“Goh, u moet wel een hele mooie vrouw hebben”. Mijn studente keek afwisselend van de foto op mijn telefoon naar mij. Ik meende iets van ongeloof te bespeuren. Kijk, dat ik niet bepaald Brat Pitt ben, wist ik al wel. Na de reactie van mijn studente, zo’n vijftien jaar geleden exporteerde ik elke hoop op een flitsend uiterlijk definitief naar fabeltjesland.
Ik ben sowieso niet van de uiterlijkheden. Sterker, dat skin deep geneuzel over zogenaamde schoonheid is gevaarlijk. Het maakt dat jonge meiden hun lippen laten oppompen en hun lijf laten verbouwen op een manier waar Frankenstein wit van zou wegtrekken. En wat te denken van video’s vol six-pack-dudes die met door anabole steroïden opgeblazen spierbundels het beeld van de ideale man bij elkaar liegen? Voor mij volstaat een spijkerbroek, een T-shirt, een trui, een paar sokken, een onderbroek, dat maal twee en in de goedkoopste versies. Mijn vrouw stelt helaas hogere doelen. Zij sleept mij periodiek de betere kledingzaken in om me op te kalefateren. Lijdzaam onderga ik de foltering van met confronterend grote spiegels uitgeruste pashokjes waarin ik mijn kont niet kan keren en waar het klamme zweet me uitbreekt bij broek nummer twintig. Ik vind de eerste altijd al goed. Ach, het is haar aandoenlijke queeste om van haar beest een beauty te maken. Ik verdraag liefdevol dat ik pas uit de folterkamer mag ontsnappen wanneer zij tevreden net voldoende afstand tussen mij en een clochard ziet. Ze legitimeert het met: “Ik moet wel naast je lopen hè”.

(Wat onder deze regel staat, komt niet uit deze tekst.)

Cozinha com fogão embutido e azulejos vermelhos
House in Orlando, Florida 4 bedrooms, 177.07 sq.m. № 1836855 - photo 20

Ik houd me liever vast aan wat mijn moeder ooit zei, toen ik als tiener mijn haar föhnde in een vruchteloze poging om op Barry van de BeeGees te lijken: “Ach jongen, schoonheid zit van binnen”. Maar toch, dat moet ik mijn vrouw nageven, het oog wil ook wat. Misschien moet ik meer aandacht geven aan wát dat oog precies waarneemt. Een bewijs voor die geachte vond ik van de week.
Mijn oudste dochter vierde haar verjaardag. Mijn jongste was er ook. We waren in gesprek en ik keek hen aan. Ik herkende mezelf in kleine schitteringen in hun ogen, subtiele trekjes om de mond en de soort opmerkingen en grapjes die ze maakten. Daarin spiegelde zich mijn soort schoonheid. Ik zet daarom mijn kaarten op de rimpel-, rafel- en vlekkeloze schoonheid van de goede relatie met degenen die ik liefheb en die van mij houden zoals ik ben. En ja, ik heb een prachtige vrouw!